(Data shown Opens)

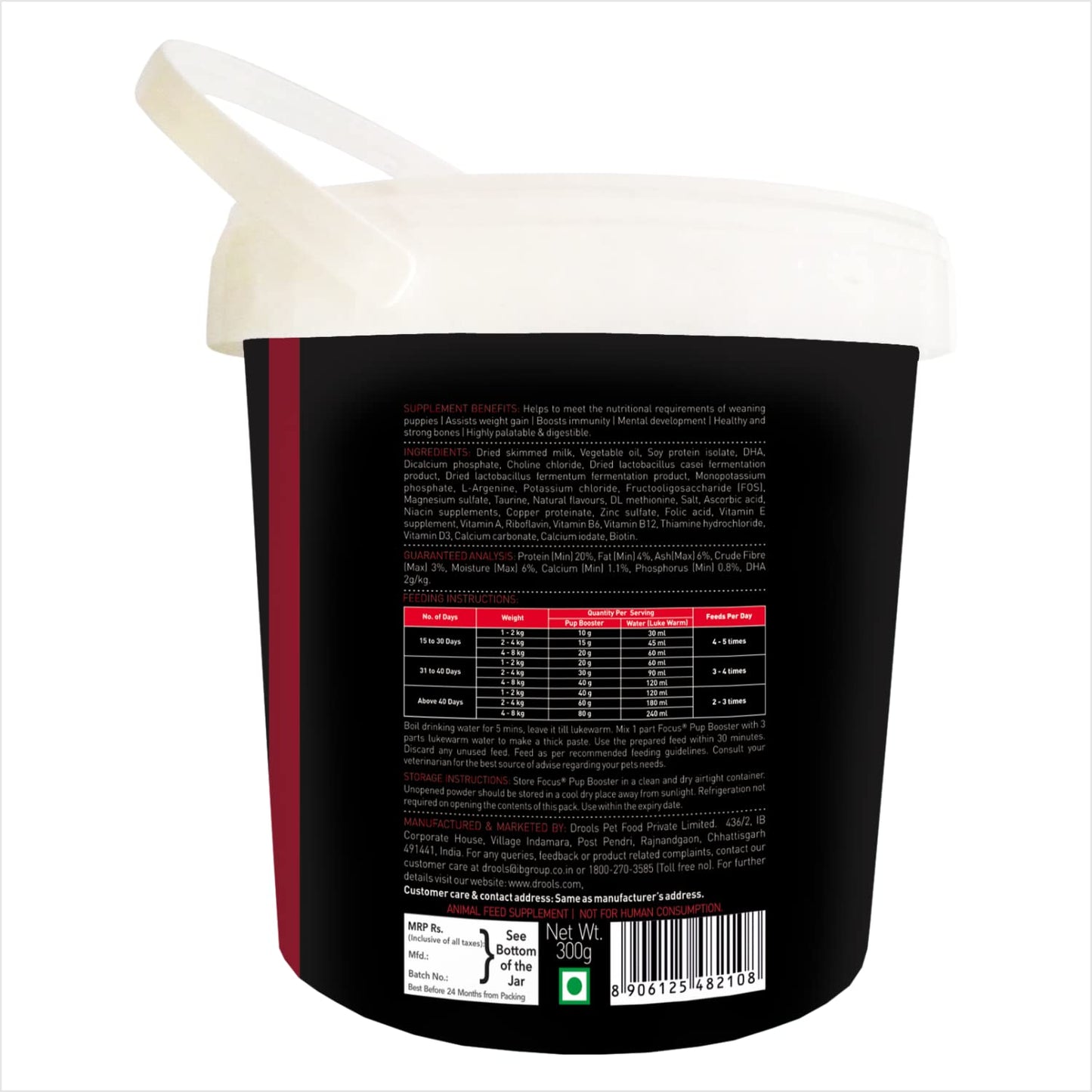 Drools Focus Pup Booster, Puppy Weaning Diet 300 Gms, Chicken Flavour, All Breed Formula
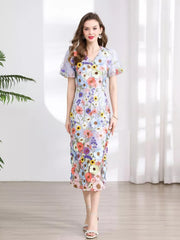Embroidered Floral Puff Sleeve Midi Dress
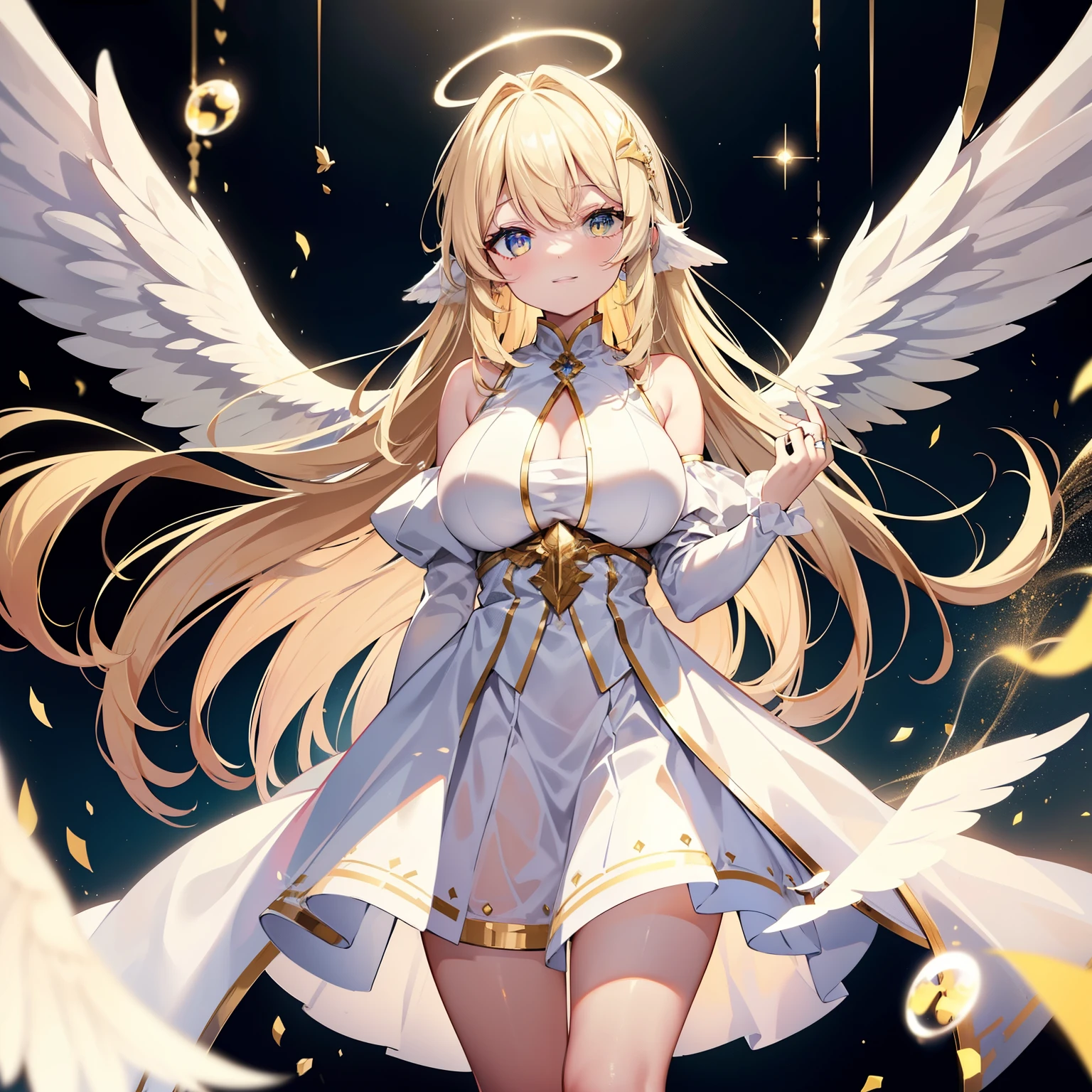 Angel Neutral Girl、(full body shot)、Costume is white、Costume is an angel、(((Overhead Angel Ring)))、black background、blonde、yellow eyes、highly detailed eyes、sharp eyes、big 、big breasts、Bust 100、smile、Eye of Desire、Expression of desire、Look at this、(A large number of shining elementary particles float)、Studded with a large amount of glowing bubbles、(((Very large white wings are attached to the back)))、high quality、High level image quality、super detailed、beautiful scenery、wings must be symmetrical、.Make the wing size symmetrical、Keep the wings large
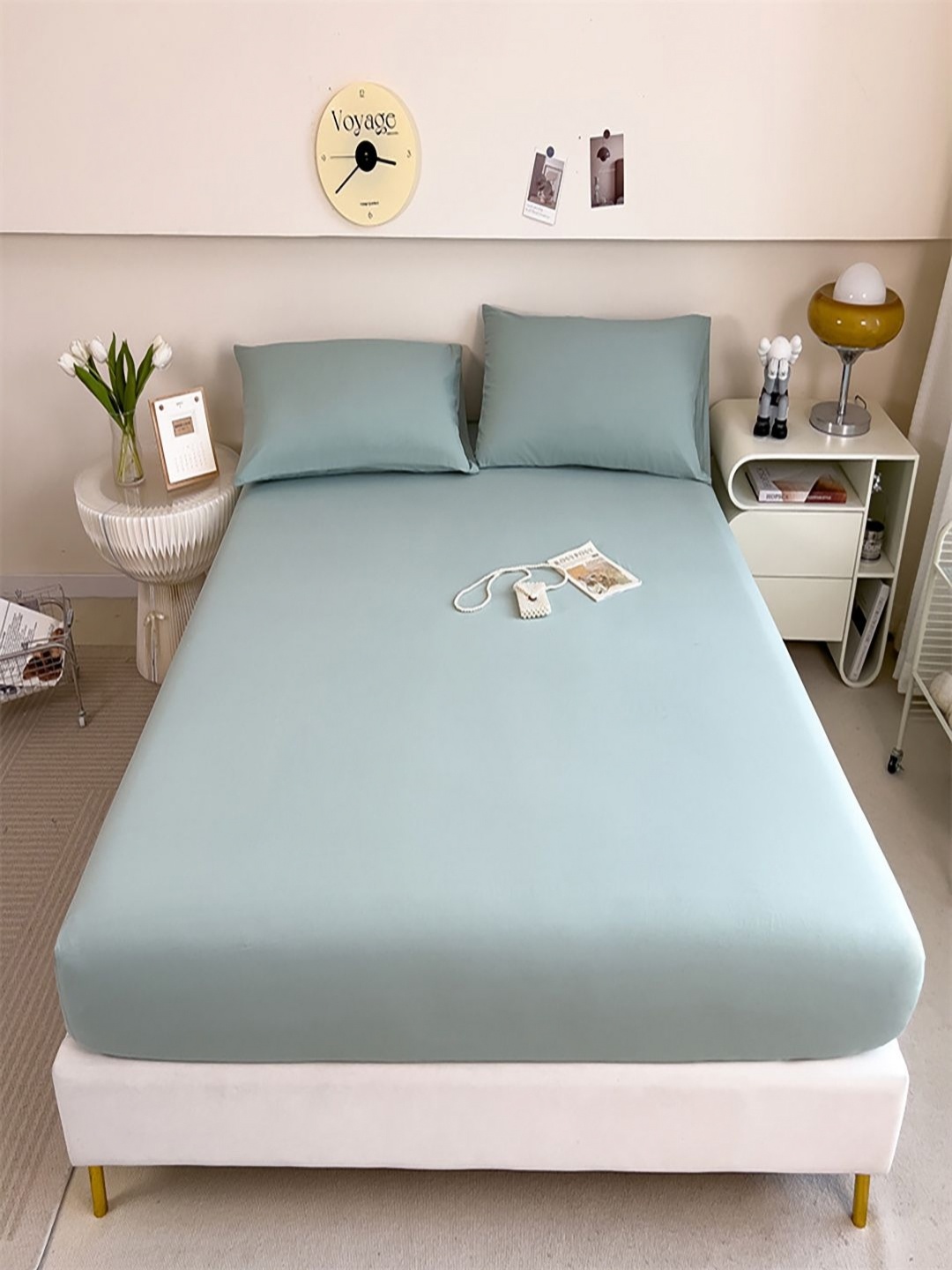 

JC HOME Green Cotton 220 TC Fitted King Bedsheet Set 1.8 m x 2.0 m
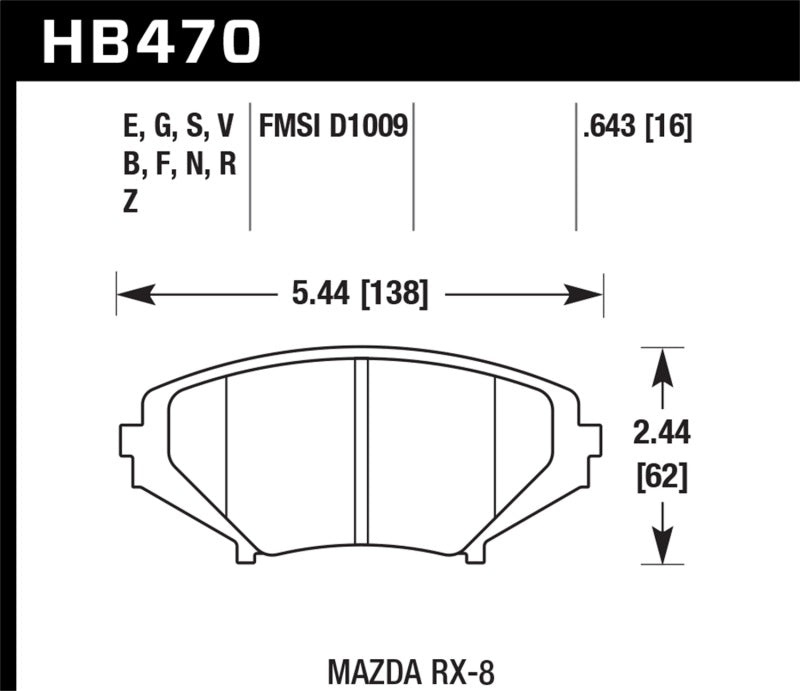 Hawk 04-09 RX8 Blue 9012 Race Front Brake Pads D1009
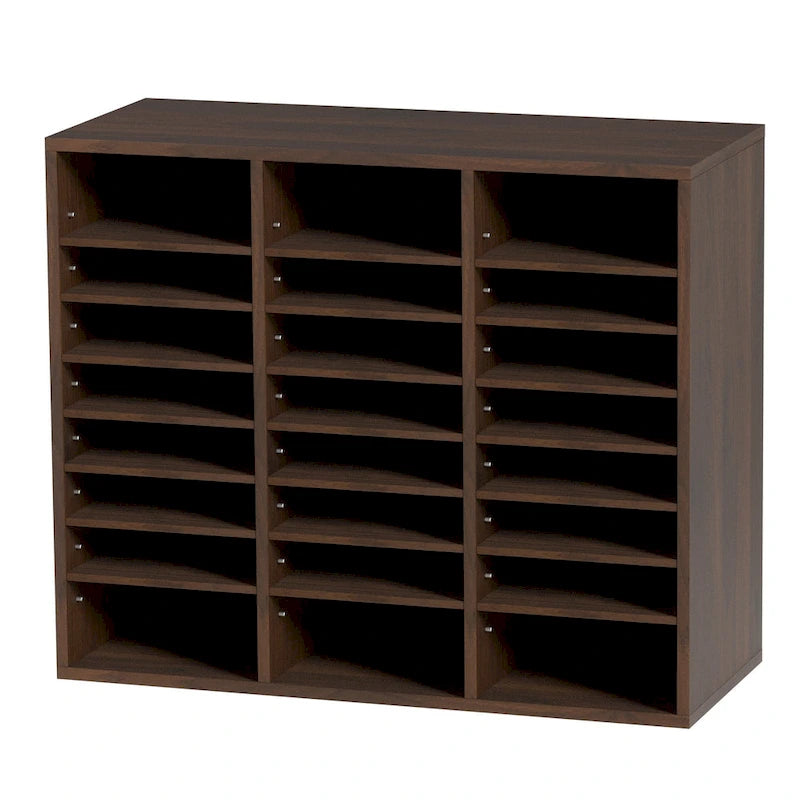 24-Compartment Wood Literature Organizer with Adjustable Shelves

(Data shown Closes)

Directions: Pictures omitted, give the entries again exactly.

Written response:
 Drools Focus Pup Booster, Puppy Weaning Diet 300 Gms, Chicken Flavour, All Breed Formula
Embroidered Floral Puff Sleeve Midi Dress
 Angel Neutral Girl、(full body shot)、Costume is white、Costume is an angel、(((Overhead Angel Ring)))、black background、blonde、yellow eyes、highly detailed eyes、sharp eyes、big 、big breasts、Bust 100、smile、Eye of Desire、Expression of desire、Look at this、(A large number of shining elementary particles float)、Studded with a large amount of glowing bubbles、(((Very large white wings are attached to the back)))、high quality、High level image quality、super detailed、beautiful scenery、wings must be symmetrical、.Make the wing size symmetrical、Keep the wings large

JC HOME Green Cotton 220 TC Fitted King Bedsheet Set 1.8 m x 2.0 m
 Hawk 04-09 RX8 Blue 9012 Race Front Brake Pads D1009
 24-Compartment Wood Literature Organizer with Adjustable Shelves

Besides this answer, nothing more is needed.